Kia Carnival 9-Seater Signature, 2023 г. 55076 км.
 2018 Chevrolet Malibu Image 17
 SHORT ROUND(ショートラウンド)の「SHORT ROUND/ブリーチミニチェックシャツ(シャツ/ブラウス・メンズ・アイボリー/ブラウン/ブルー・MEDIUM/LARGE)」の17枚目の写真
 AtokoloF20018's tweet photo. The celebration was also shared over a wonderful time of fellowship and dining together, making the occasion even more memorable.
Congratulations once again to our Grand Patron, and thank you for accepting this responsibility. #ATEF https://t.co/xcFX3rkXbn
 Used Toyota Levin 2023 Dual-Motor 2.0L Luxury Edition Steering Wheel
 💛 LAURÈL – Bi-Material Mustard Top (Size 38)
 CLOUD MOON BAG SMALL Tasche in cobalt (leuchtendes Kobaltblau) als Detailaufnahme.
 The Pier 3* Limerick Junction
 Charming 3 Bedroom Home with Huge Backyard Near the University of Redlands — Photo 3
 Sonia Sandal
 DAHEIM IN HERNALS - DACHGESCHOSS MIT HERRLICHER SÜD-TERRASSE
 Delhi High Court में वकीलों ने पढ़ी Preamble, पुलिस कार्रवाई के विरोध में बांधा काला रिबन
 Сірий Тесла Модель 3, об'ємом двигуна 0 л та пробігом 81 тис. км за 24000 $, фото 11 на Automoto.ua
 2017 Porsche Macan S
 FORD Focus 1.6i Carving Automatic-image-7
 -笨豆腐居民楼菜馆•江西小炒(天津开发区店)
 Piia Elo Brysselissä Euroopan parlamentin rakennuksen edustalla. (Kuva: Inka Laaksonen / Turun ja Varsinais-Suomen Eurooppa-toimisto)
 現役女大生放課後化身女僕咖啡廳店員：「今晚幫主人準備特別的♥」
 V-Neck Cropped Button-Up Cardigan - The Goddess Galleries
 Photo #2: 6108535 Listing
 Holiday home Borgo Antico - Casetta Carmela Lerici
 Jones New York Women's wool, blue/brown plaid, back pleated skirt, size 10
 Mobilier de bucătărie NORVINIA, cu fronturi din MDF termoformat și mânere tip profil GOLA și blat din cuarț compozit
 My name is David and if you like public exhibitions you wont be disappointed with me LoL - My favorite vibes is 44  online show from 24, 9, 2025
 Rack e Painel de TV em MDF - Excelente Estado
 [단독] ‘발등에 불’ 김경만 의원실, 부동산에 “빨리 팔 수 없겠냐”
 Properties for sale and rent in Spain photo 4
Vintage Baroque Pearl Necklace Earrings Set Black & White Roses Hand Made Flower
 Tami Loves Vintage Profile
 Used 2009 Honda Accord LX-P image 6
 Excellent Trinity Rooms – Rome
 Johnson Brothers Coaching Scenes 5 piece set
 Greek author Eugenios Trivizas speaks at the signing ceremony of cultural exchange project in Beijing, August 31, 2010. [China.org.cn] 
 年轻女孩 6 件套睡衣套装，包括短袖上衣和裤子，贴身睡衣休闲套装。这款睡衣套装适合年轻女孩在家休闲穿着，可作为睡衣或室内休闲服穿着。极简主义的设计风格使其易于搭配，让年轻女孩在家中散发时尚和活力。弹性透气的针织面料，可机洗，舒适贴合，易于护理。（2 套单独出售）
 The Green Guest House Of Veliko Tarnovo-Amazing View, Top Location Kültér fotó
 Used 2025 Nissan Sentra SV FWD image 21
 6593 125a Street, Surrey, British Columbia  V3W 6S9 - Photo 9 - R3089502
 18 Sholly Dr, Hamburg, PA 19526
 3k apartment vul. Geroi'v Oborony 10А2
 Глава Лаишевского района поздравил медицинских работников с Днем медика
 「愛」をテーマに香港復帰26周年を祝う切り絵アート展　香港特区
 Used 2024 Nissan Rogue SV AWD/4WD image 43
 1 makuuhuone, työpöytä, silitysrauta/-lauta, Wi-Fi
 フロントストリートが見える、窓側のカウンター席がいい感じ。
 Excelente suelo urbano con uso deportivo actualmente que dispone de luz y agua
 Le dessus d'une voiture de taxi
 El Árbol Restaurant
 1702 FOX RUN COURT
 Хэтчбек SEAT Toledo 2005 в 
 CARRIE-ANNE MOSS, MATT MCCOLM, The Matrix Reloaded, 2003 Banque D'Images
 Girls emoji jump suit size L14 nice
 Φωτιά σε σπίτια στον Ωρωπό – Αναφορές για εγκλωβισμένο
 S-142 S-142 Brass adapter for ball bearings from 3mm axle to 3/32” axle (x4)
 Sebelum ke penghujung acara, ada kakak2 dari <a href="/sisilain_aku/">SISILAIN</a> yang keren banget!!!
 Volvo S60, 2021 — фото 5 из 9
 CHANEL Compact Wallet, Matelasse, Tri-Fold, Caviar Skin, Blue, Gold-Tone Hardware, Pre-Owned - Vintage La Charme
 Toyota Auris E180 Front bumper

____

* Task objective *
Everything above from the line containing "CARRIE-ANNE MOSS, MATT" down to the line containing "S-142 S-142 Brass" should be copied exactly, both end lines included, and nothing else.

* Answer for the task *
 CARRIE-ANNE MOSS, MATT MCCOLM, The Matrix Reloaded, 2003 Banque D'Images
 Girls emoji jump suit size L14 nice
 Φωτιά σε σπίτια στον Ωρωπό – Αναφορές για εγκλωβισμένο
 S-142 S-142 Brass adapter for ball bearings from 3mm axle to 3/32” axle (x4)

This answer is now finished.